The 27.15% increment in electricity tariffs for residential consumers translates into a monthly electricity tariff of GHS 10.73 pesewas, some GHS 3 increment when compared to the previous GHS 7.45 pesewas electricity tariff. In the case of residential lifeline consumers, the PURC maintained electricity tariff at GHS 2.13 pesewas per month. Same was done to non-residential consumers, particularly SMEs (hairdressers, barbering shops, tailoring and dress making shops, mechanics, welding etc) as the PURC maintained electricity tariff paid by these businesses at GHS 12.42 pesewas per month. For special load tariff consumers however, electricity tariff was increased from GHS 49.71 pesewas per month to GHS 500 per month indicating a 920 percentage points increment in electricity tariff.

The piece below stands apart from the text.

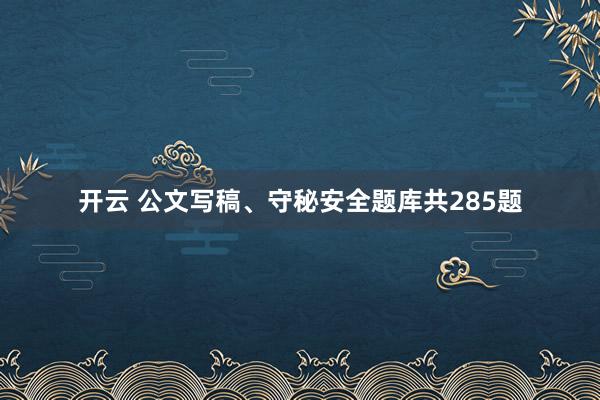 开云 公文写稿、守秘安全题库共285题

Explaining its decision to adjust upwards electricity tariffs of residential consumers as opposed to that of non-residential consumers or businesses, the PURC noted that the move is to help in the creation and preservation of jobs and livelihoods as the existing tariff structure imposes punitive tariffs on businesses.
“The Commission gave considerable thought to the role of small and medium scale enterprises in the country’s economic development, in particular, the creation and preservation of jobs and livelihoods. The existing tariff is structured in a manner that imposes punitive tariffs on non-residential and industrial consumers in order to subsidize residential consumers of electricity.
“This structure has contributed to loss of competitiveness of Ghanaian industry including small and medium size household enterprises. The implications for jobs and the general welfare of residential consumers is adverse and obvious.
“To address the challenge, for the first time, industry and small and medium scale business owners of Hairdressing and Beauty Parlours/Salons, Barbering Shops, Tailoring and Dress Making Shops, Welding, Mechanics, Cold stores, Chop bars, Vulcanising and Carpentry Workshops among others will now pay lower tariffs than the residential consumer class,” stated the PURC.
“This is to address the high electricity cost for industrial customers which has been repeatedly identified in the AGI Business Barometer as the key challenge affecting the competitiveness of Ghanaian industry in the global market place.
“The objective here is to support industry to expand and enhance its ability to generate decent employment. This tariff decision is a first step in a gradual process to invert the tariff structure over the next few years in support of the industrialisation programme of government,” the PURC added. The revised and announced electricity tariff for residential and non-residential consumers is contrary to the 148% and 113% tariff increment demanded by the ECG and NEDCo respectively.